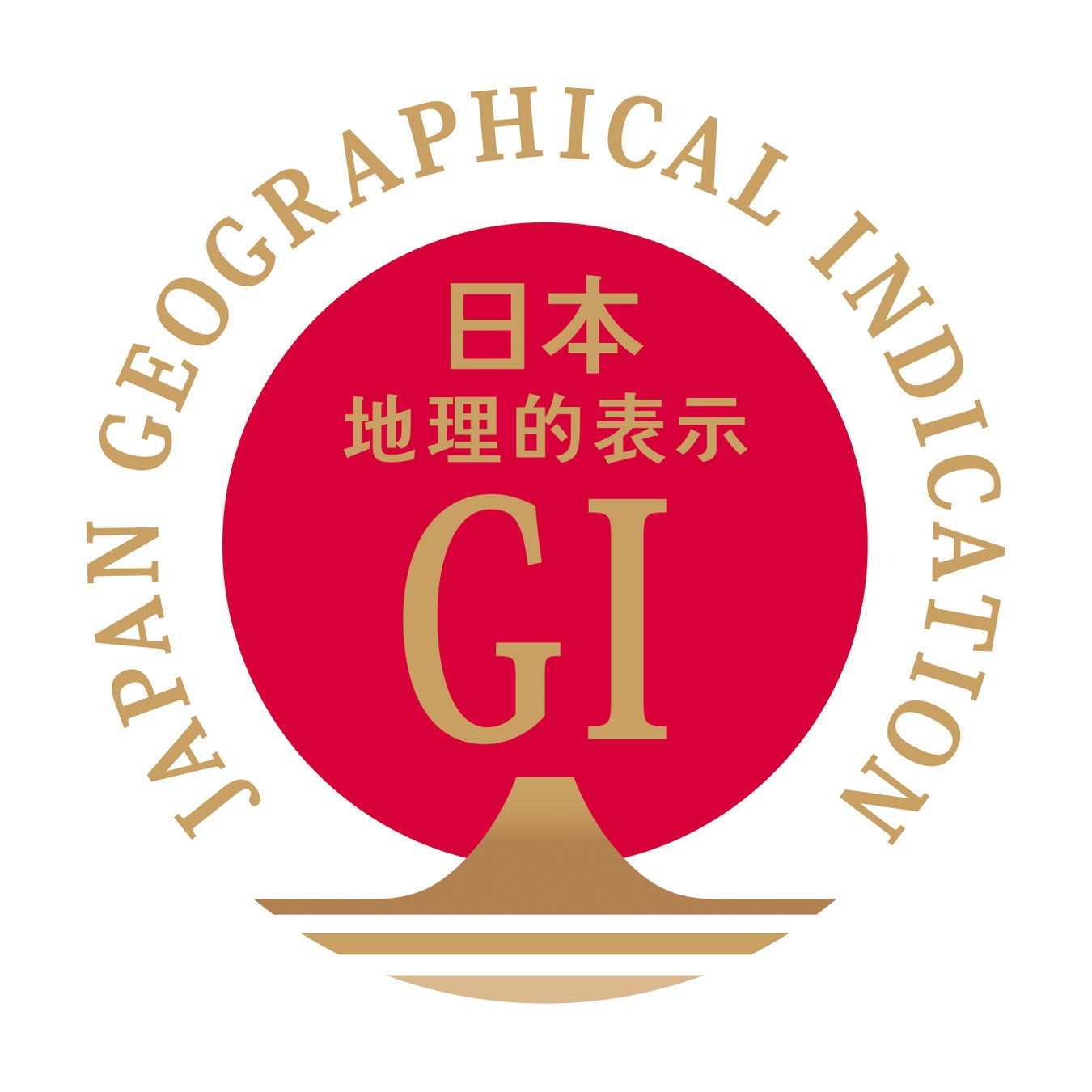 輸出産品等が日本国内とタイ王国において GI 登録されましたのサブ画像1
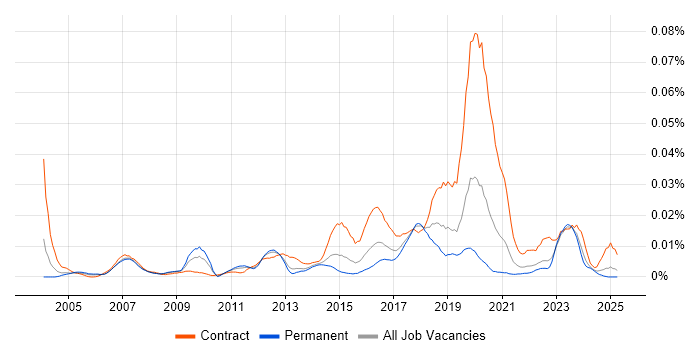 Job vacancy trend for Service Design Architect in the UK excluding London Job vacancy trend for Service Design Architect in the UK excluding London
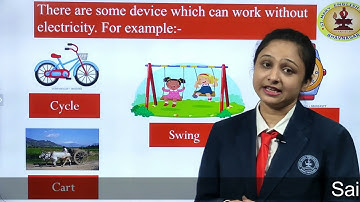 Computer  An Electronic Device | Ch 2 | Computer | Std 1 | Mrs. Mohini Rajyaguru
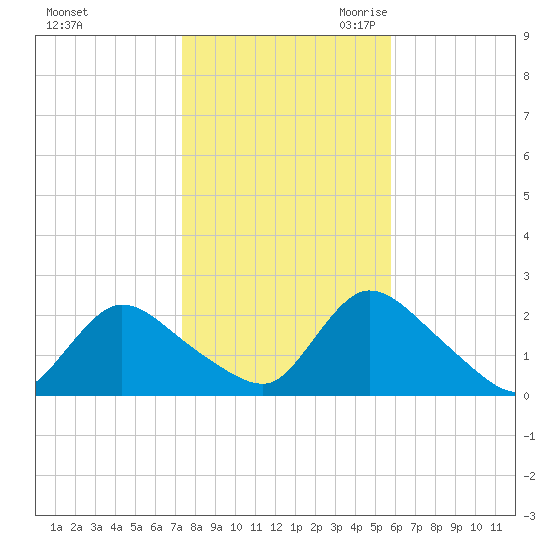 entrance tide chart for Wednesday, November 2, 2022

◆ WHAT IS REQUIRED: Skip the pictures, then return the rest of the data exactly.

◆ EXPECTED OUTPUT:
 輸出産品等が日本国内とタイ王国において GI 登録されましたのサブ画像1
 Job vacancy trend for Service Design Architect in the UK excluding London Job vacancy trend for Service Design Architect in the UK excluding London
 Computer  An Electronic Device | Ch 2 | Computer | Std 1 | Mrs. Mohini Rajyaguru
 entrance tide chart for Wednesday, November 2, 2022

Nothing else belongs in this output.